I keep re-reading the latest Glasswing document at the end of each day, in light of everything being measured by the hours, and the revelations still sit in Anthropic’s own numbers.
Glasswing is NOT confidently reporting tens of thousands of real bugs, as everyone has expected. Instead, like any tool, they are reporting tens of thousands of findings, of which a confident count of real bugs is much smaller. Their update says so plainly if you lay out which number is which.
- 23,019 total found. That’s the eyeball-seeking number, the model’s own ungraded output. Call it dirty.
- 6,202 were estimated high or critical. Still dirty. It’s the model’s estimate. Mythos grading Mythos, the way Anthropic likes it.
- 1,752 actually checked by a human or a security firm. That’s 28% of the high-crit pile and about 8% of the total. A little water, a little soap.
- Of those checked, 90.6% true positive. That rate exists only because humans checked. It is a statement about the 1,752, not the 23,019.

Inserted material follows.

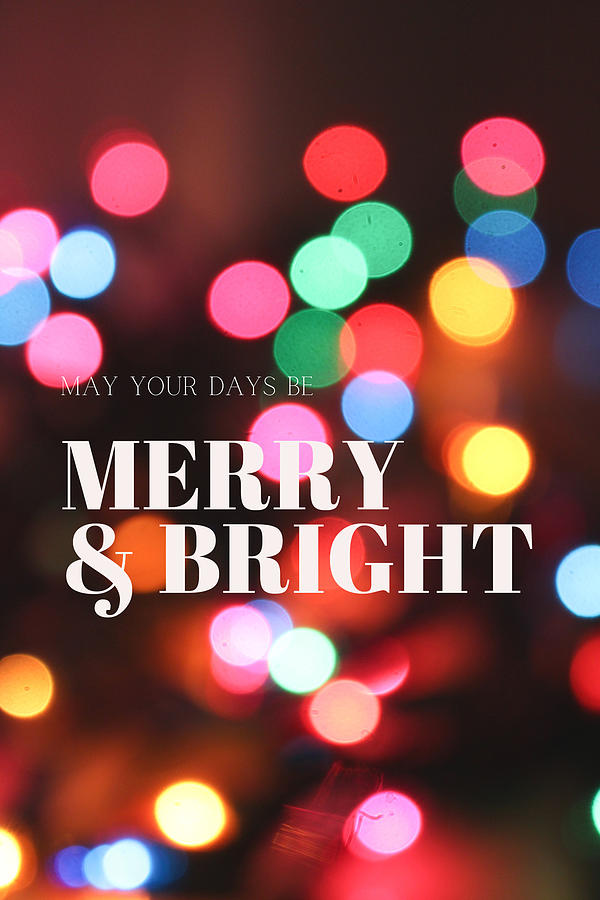 Merry and Bright Christmas Lights Photograph by W Craig Photography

- 530 disclosed. 75 patched.
That last bullet is the one that gets me every time. 75 patched. What?
Anthropic gives us three excuses:
- Early in the 90-day disclosure window.
- Some patches land without public advisories so they undercount.
- Mythos is flooding an already-overloaded ecosystem.
Fine. Every one of those explains why a patch lands late.
None explains why the patch isn’t generated and attached to the disclosure in the first place. And here is the part that really doesn’t fit: these models find bugs by knowing what the fix looks like. They train on the public corpus of code and its patches, so a vulnerability, to the model, is the gap between your code and the patched form it already carries. The fix is not a downstream step the model can’t reach. The fix is what located the bug in the first place. Finding without proposing the patch seems scandalous.
That is why 75 is damning when the 530-disclosed is not. They apparently are withholding fixes used to derive findings. It sounds weird until you see the proof they can ship the fix is in the same document: the public model, Opus 4.7, patched over 2,100 vulnerabilities for enterprise customers in three weeks. They boast that patch generation exists, runs in production, and was pointed at paying customers while the commons got reports generating a predictable request to slow down. 75 isn’t a capability limit. It looks like pressure to pay for protection.
The math is thus tens of thousands floated, around 1,750 a human actually touched, 1,587 confirmed real, 1,094 of them high or critical, and only 75 fixes teased. Mythos pumped tens of thousands, a much smaller number was verified, and the press conflated the two because the document (once again) seems to push low fidelity low integrity readings.
The confidence of 1,750 is literally a number that means human-touched. Everything prior is the model’s own say-so, some of it confident confabulation pointing at the wrong line, etc. and can’t be trusted without humans in the loop. The 90.6% exists because expensive humans stepped in: six firms, a triage pipeline, Anthropic staff. Strip them out and then what? The model’s raw output is overconfident confabulations, like pointing at the wrong line until someone checks. Verification cost is one thing. The patch number is worse because it is the half that the model can automate, and they proved it 2,100 times on code from those who pay. The findings are being directed to Anthropic, while the fixes land on a maintainer’s weekend, or dinner with the family.
75 out of 23,019 is what we should be all talking about.